As apparent from the foregoing, in an optoelectrical particle detection apparatus of the types disclosed in U.S. Pat. Nos. 4,655,592 and 4,422,761, the zone in which the presence of particles can be detected is very restricted, and thus it is impossible or very difficult to effectively detect the presence of particles over a large area. In addition, the apparatus of U.S. Pat. No. 4,655,592 can not be adapted for the detection of particles in a vacuum chamber for the formation of a thin film element, as mentioned above, because it is impossible to use a medium such as an air flow entraining the particles passing the inspection point.

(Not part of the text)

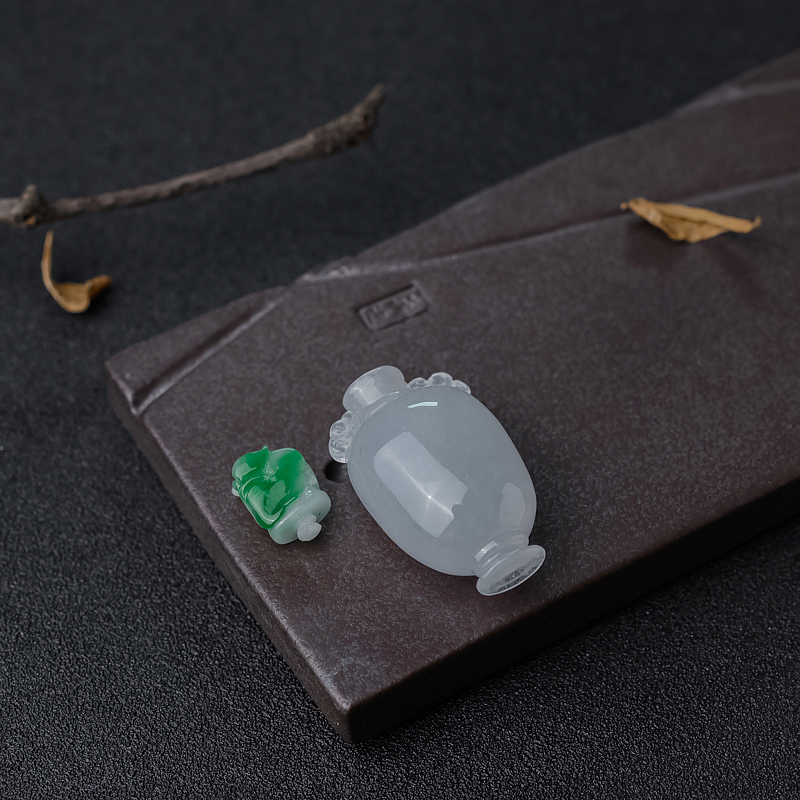 糯种飘翠翡翠花瓶摆件-红掌柜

Unexamined Japanese Patent Publication No. 61-240645 discloses an optoelectrical particle detection apparatus wherein a scanning laser beam is used to widen a zone in which the presence of particles can be detected, and wherein a TV camera is provided for receiving light scattered from the scanning beam due to the presence of particles in the scanning zone. In a detection apparatus of this type, however, since particles to be detected have a higher velocity, the particle detection probability becomes lower, and may be equivalent to that of detecting particles by using a non-scanning or single static laser beam. Namely, when particles to be detected have a very high velocity, it is meaningless to widen the detection zone by using a scanning beam.
Also well known is an optoelectrical particle detection apparatus wherein a strong laser beam is used to detect particles, with a high sensitivity. In this apparatus, which is commercially available, a strong laser beam between resonance mirrors of a laser generator is used for particle detection. In a detection of this type, however, the zone for detection of particles is also very restricted due to use of the single laser beam, and the application of this type of particle detection is limited because the detection zone must be provided in the laser generator.
Unexamined Japanese Patent Publication No. 61-243345 discloses another particle detection apparatus wherein a strong laser beam is used for the detection. In this apparatus, a laser generator is provided with an outside second resonator in which an output mirror of the laser generator is utilized as one of the resonance mirrors, and thus a strong laser beam obtained in the second resonator is used for the particle detection. Nevertheless, this apparatus suffers from the same defects as the strong laser beam detection apparatus mentioned above.
In another well known optoelectrical particle detection apparatus including a pair of parallel plane reflectors, a semiconductor laser beam is multi-reflected to form a laser beam curtain of the multi-reflected beam segments as a zone in which floating particles can be detected, whereby the floating particles can be detected over a wide area with a high probability by scattered sensing light due to the presence of particles in the laser beam curtain. A detection apparatus of this type is commercially available from High Yield Technology Inc. of the United States of America.
In this detection apparatus, since it is very difficult to multi-reflect the laser beam at a very close pitch, it is substantially impossible to obtain a laser beam curtain having a uniform light intensity. Accordingly, although the presence of particles is detected in the laser beam curtain, the size of the detected particles cannot be determined because the intensity of the scattered light from the same size of particle differs in accordance with the location of the particle in the laser beam curtain, due to the nonuniform light intensity thereof.
In the multi-reflection type apparatus as mentioned above, the parallel plane reflectors must be precisely positioned with respect to each other to obtain an accurate parallel relationship therebetween before the laser beam curtain can be formed between the plane reflectors, but this positioning of the parallel plane reflectors is very complex and difficult because at least one of the plane reflectors must be angularly adjusted around two axes perpendicular to each other.